CFC size seems to be a problem with lucee and apar...
# lucee
g
CFC size seems to be a problem with lucee and apart from splitting the file into a series of includes, are there any other practices or advice that would result in this being less of a problem ?
a
This is probably most likely a design issue. Rather that split it into multiple includes, assess how much of the code in the CFC actually belongs together. I bet ya ten quid it's not adhering to the Single Responsibility Principle.
g
Thanks, but not helpful
a
Come again? You specifically asked "are there any other practices or advice that would result in this being less of a problem". The practice of following industry-standard design principles is precisely a solution to your problem. It's kinda why they exist. Its kinda why Java can figure "it's OK for us to have this ceiling on our class sizes, because it's more than likely anything going over this (pretty generous ~) threshold could probably benefit from a bit of refactoring". There is no answer that is "pass this setting to the compiler to get you off the hook", if that's what you are after. Your code has become too big. Make it more manageable.
You have kinda framed the question wrong maybe. It's not "CFC size seems to be a problem with lucee". Its just "CFC size seems to be a problem".
g
Thanks, I'll keep that in mind
a
I dunno of any other approach. Like say "use CFML construct x instead of CFML construct y because that compiles to less byte code", I doubt there'll be much gain here even if you could work it out. And it doesn't sound like a great approach even if it was the case.
Might be worth decompiling the generated class file and seeing if there's any trend in the Java that indicates what might be contributing? EG maybe the CFC is mostly
<cfquery>
stuff, and you've just added in some stuff that processes some XML, so whilst the CFML is a one-liner around the XML, perhaps all the shiz that needs to be included to support the XML operations is quite large (random baseless example to illustrate the point).

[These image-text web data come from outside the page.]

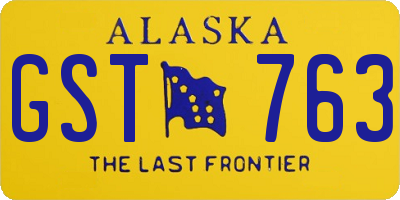 AK license plate GST763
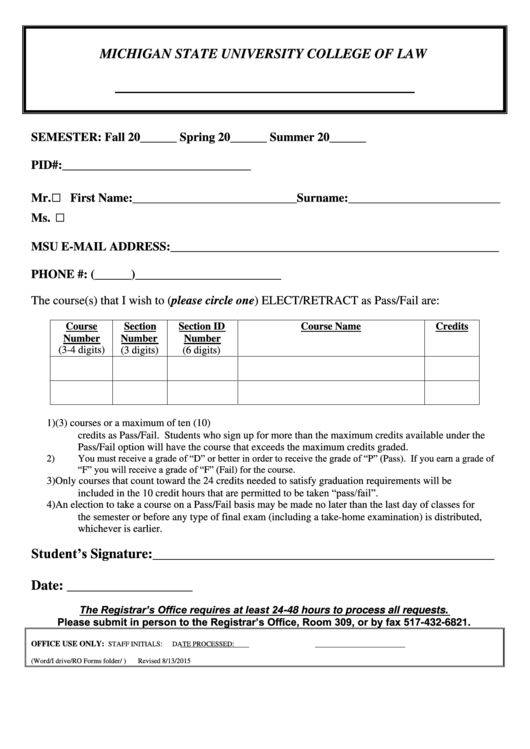 Pass/fail Grading Option Request Form - Michigan State University College Of Law Printable pdf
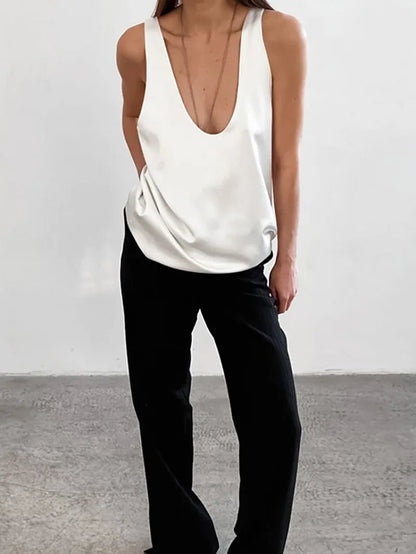 Effortless Satin Blouse for Women with Scoop Neck Sleeveless Relaxed Racerback Tank Style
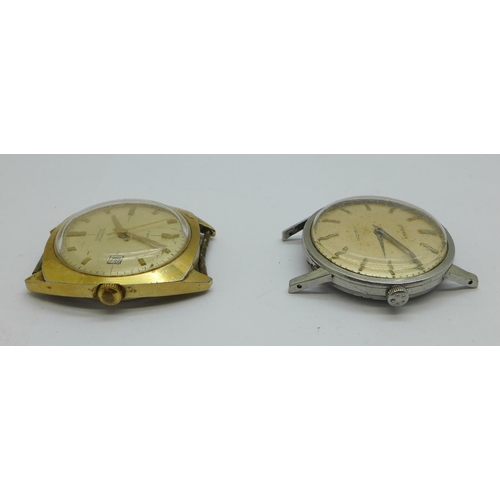 1267 - Two gentleman's wristwatch heads, Eterna Vision and Timex automatic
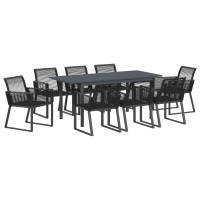 Produktbild för Trädgårdsmöbelset 9 pcs Svart konstrotting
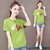 SUNTEK短袖T恤2022新款韩版女装夏季宽松小众短款上衣休闲高腰半袖ins潮(3XL 绿色)第2张高清大图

Seems like a lot of effort compared to ripping some stuff out into another CFC though.
g
Lucee mentions something about not being able to split the CFC, like it's tried and failed for some reason, thought maybe there was a way to allow lucee to successfully split the CFC, like not using CFC variables or something
a
Maybe. It's probably the coupling between the methds. If there were some methods that didn't call each other, they could probably be separated into separate [things] under the hood. That's a total guess though, I've never seen that error so never had to troubleshoot it.

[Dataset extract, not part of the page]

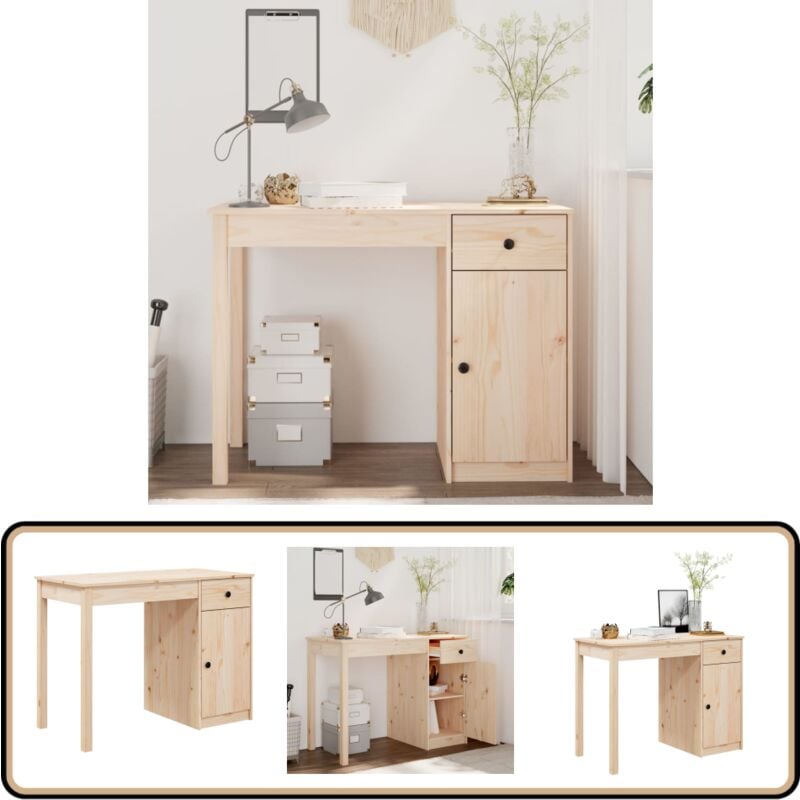 Vidaxl - Bureau 100x50x75 cm Bois massif de pin - Bureau En Bois - Bureau D'ordinateur - Bureau D'étude - Meuble De Bureau - Table De Travail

Are your methods quite long in general (say... >50 lines)? Maybe they're a bit "busy" so Lucee can't work its refactoring strategy? Poss look to try to apply the Single Responsibility Principle to a couple of your longer methods, and extract bits of functionality out into smaller private methods. It might give Lucee a chance to work out what to do.

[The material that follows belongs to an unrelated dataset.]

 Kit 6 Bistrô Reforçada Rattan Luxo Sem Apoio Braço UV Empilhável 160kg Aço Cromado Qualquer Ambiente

How good is your test coverage? How risky is some refactoring within the CFC itself?
g
It's weird, because I have a script that puts every function into an include and then rewrites a copy of the original CFC to use those includes, and it all works fine, but it's a tough workflow to setup
a
Yeah includes are discretely compiled. It's really not a great design strategy compared with using separate CFCs though I'm afraid. It only addresses things from a LOC perspective rather than a concept (and LOC) perspective. I've not looked for ages but CF used to compile every function separately (so each function had the class-size threshold), and I can remember Lucee (or poss Railo) poopooing that idea.
r
How many lines are you hitting this issue at? I'm just curious.